### [EXERCISE]
An exact copy of the listing below is the answer, with the pictures removed.

### [SUPPLIED MATERIAL]
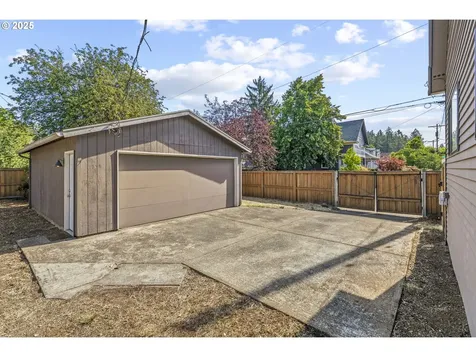 6849 SE Knight Street Portland OR 97206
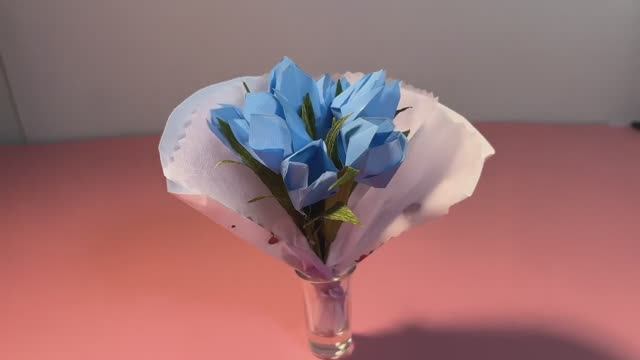 Своими руками букет 💐 тюльпанов из бумаги 💙🩵💙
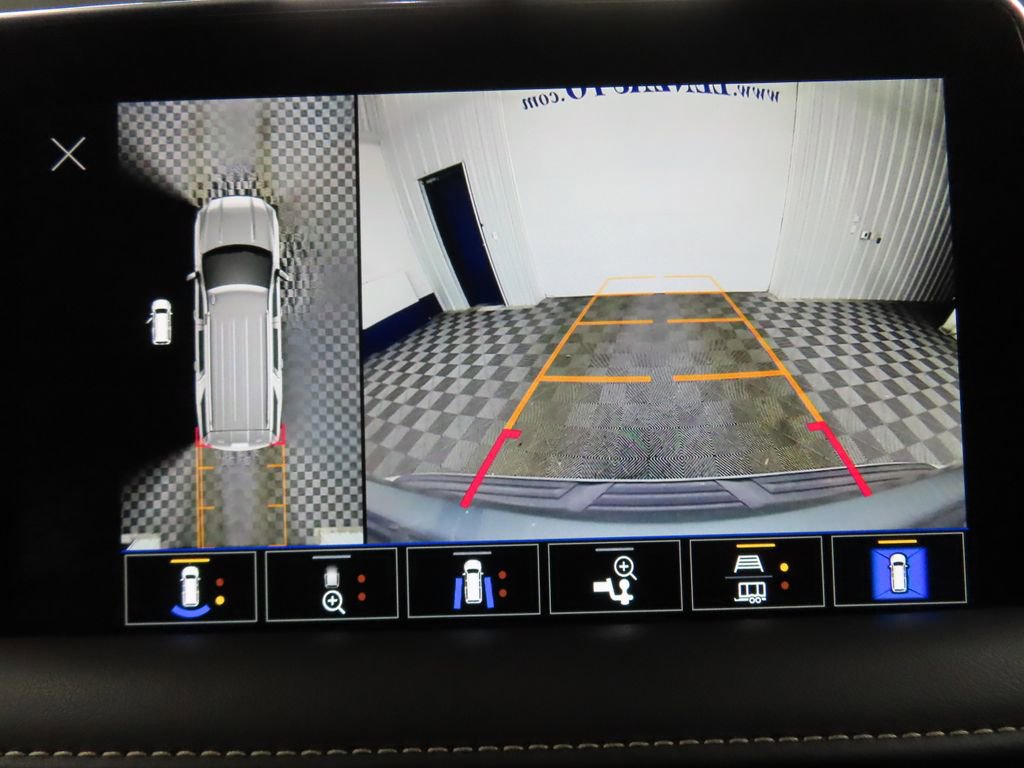 Used 2024 GMC Yukon SLT w/ SLT Luxury Package image 18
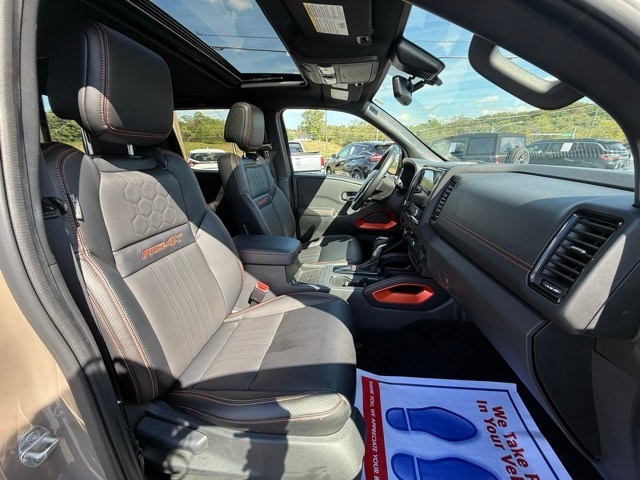 2023 Nissan Frontier PRO-4X photo 18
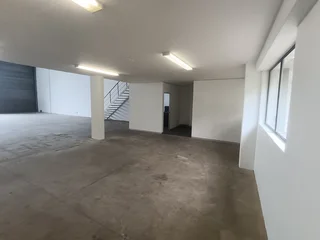 Versatile Retail / Warehouse Space – Riverhorse Valley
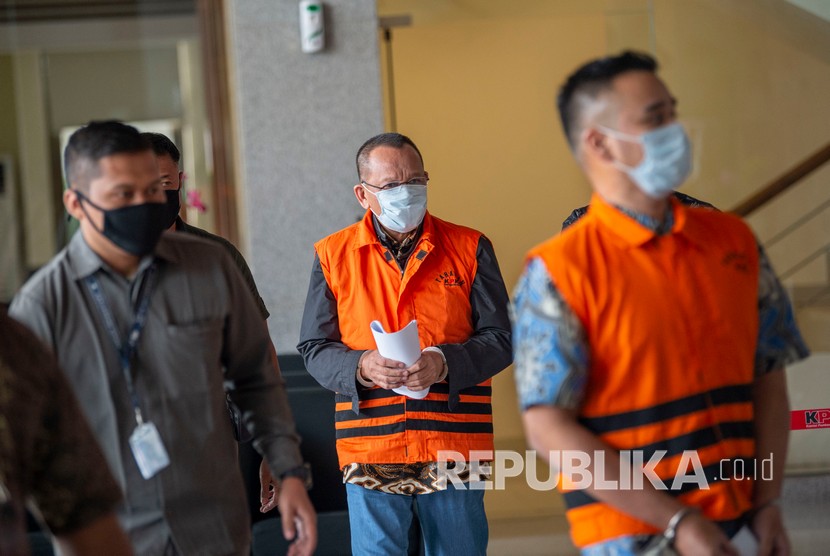 Tersangka kasus dugaan suap gratifikasi senilai Rp46 miliar, Nurhadi (tengah) dan Riesky Herbiyono (kanan) berjalan usai menjalani pemeriksaan di Gedung KPK, Jakarta, Selasa (2/6/2020). KPK menangkap Nurhadi yang merupakan mantan Sekretaris Mahkamah Agung (MA) dan menantunya, Riezky Herbiyono di Simprug, Jakarta Selatan pada Senin (1/6) malam setelah buron sejak hampir empat bulan lalu. 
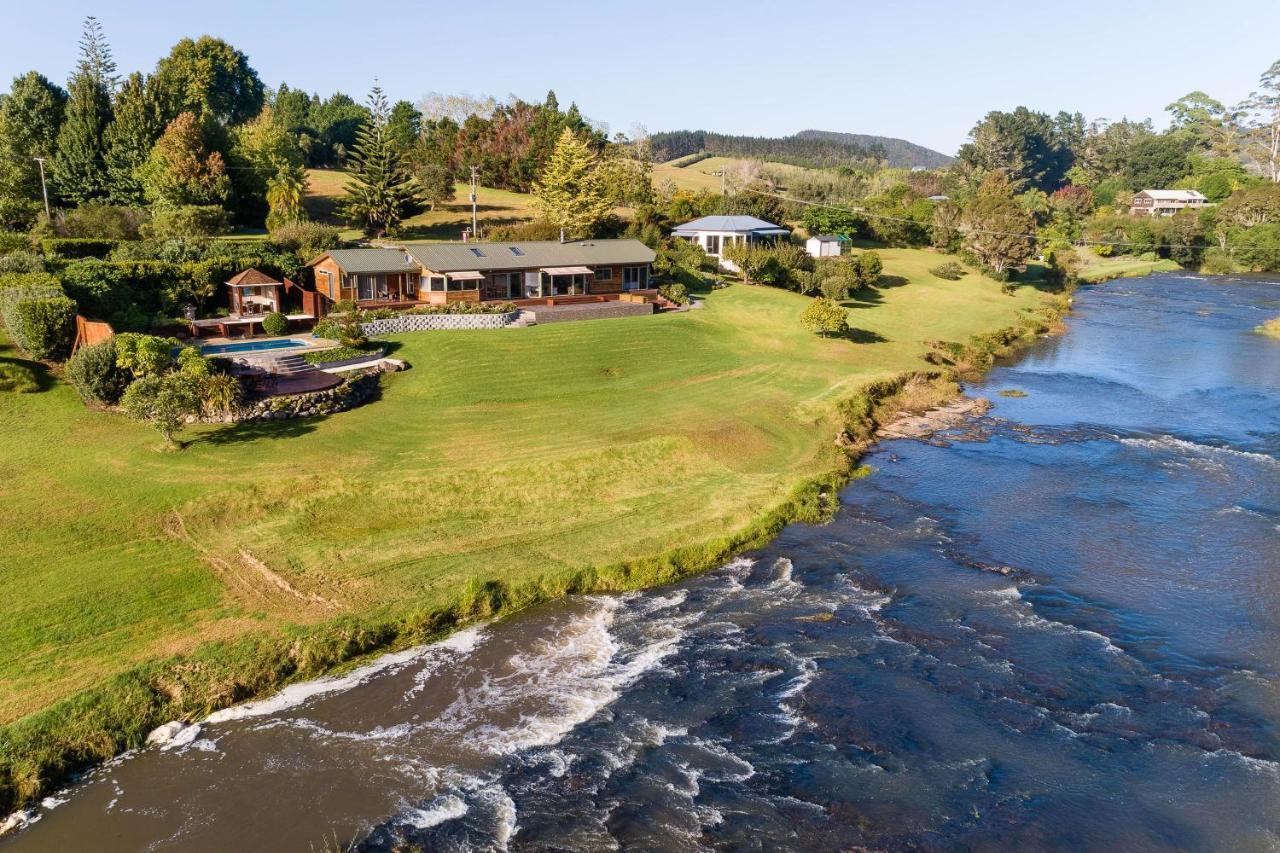 Te Awa Lodge Paihia Bagian luar foto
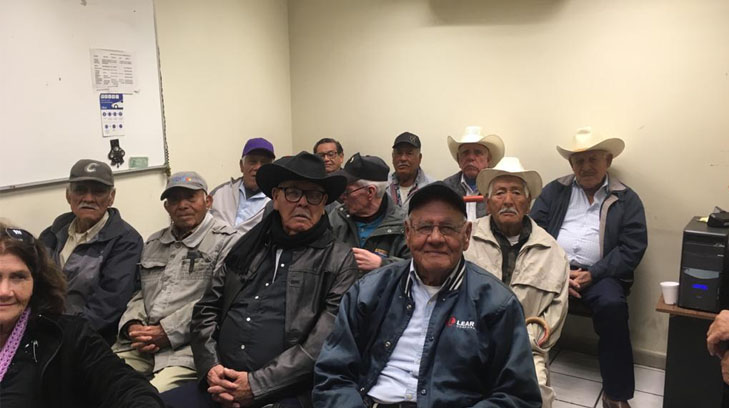 Adultos mayores esperan su segunda dosis para volver a trabajar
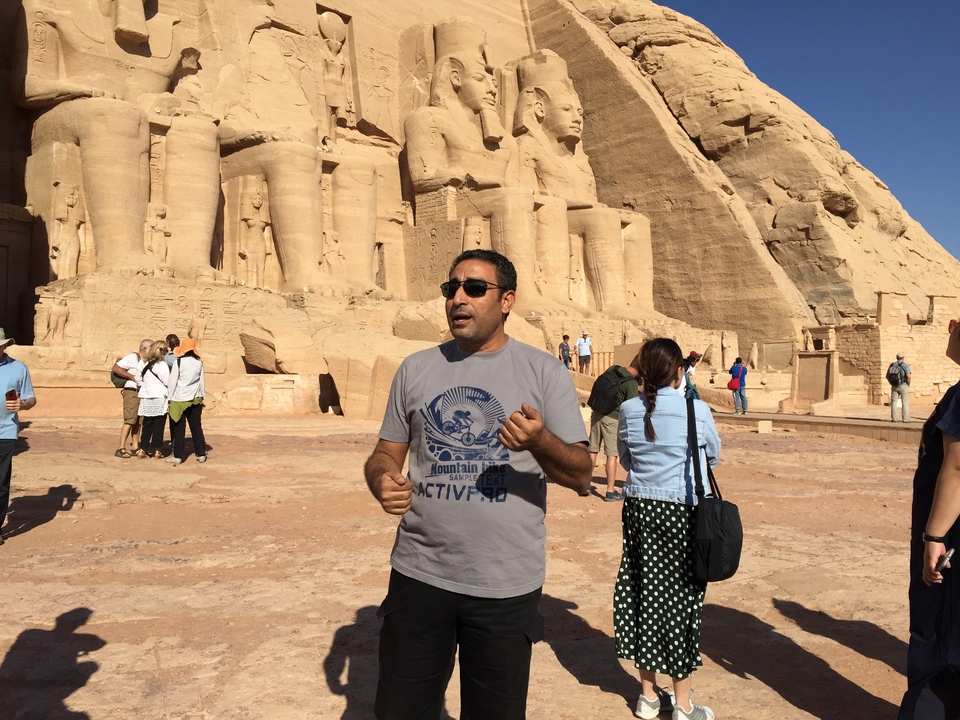 Un homme expliquant devant Abou Simbel.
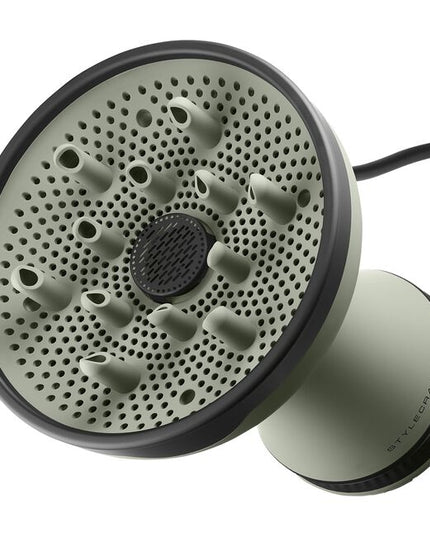 Engineered for curly and coily hair, the StyleCraft 2-in-1 Diffuser and Hair Dryer is an essential part of a perfect curl-defining ritual. Crafted to work with unique textures, it helps reduce frizz while boosting the inherent shape and bounce of curls.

### [RESPONSE FOR THIS EXERCISE]
 6849 SE Knight Street Portland OR 97206
 Своими руками букет 💐 тюльпанов из бумаги 💙🩵💙
 Used 2024 GMC Yukon SLT w/ SLT Luxury Package image 18
 2023 Nissan Frontier PRO-4X photo 18
 Versatile Retail / Warehouse Space – Riverhorse Valley
 Tersangka kasus dugaan suap gratifikasi senilai Rp46 miliar, Nurhadi (tengah) dan Riesky Herbiyono (kanan) berjalan usai menjalani pemeriksaan di Gedung KPK, Jakarta, Selasa (2/6/2020). KPK menangkap Nurhadi yang merupakan mantan Sekretaris Mahkamah Agung (MA) dan menantunya, Riezky Herbiyono di Simprug, Jakarta Selatan pada Senin (1/6) malam setelah buron sejak hampir empat bulan lalu. 
 Te Awa Lodge Paihia Bagian luar foto
 Adultos mayores esperan su segunda dosis para volver a trabajar
 Un homme expliquant devant Abou Simbel.
 Engineered for curly and coily hair, the StyleCraft 2-in-1 Diffuser and Hair Dryer is an essential part of a perfect curl-defining ritual. Crafted to work with unique textures, it helps reduce frizz while boosting the inherent shape and bounce of curls.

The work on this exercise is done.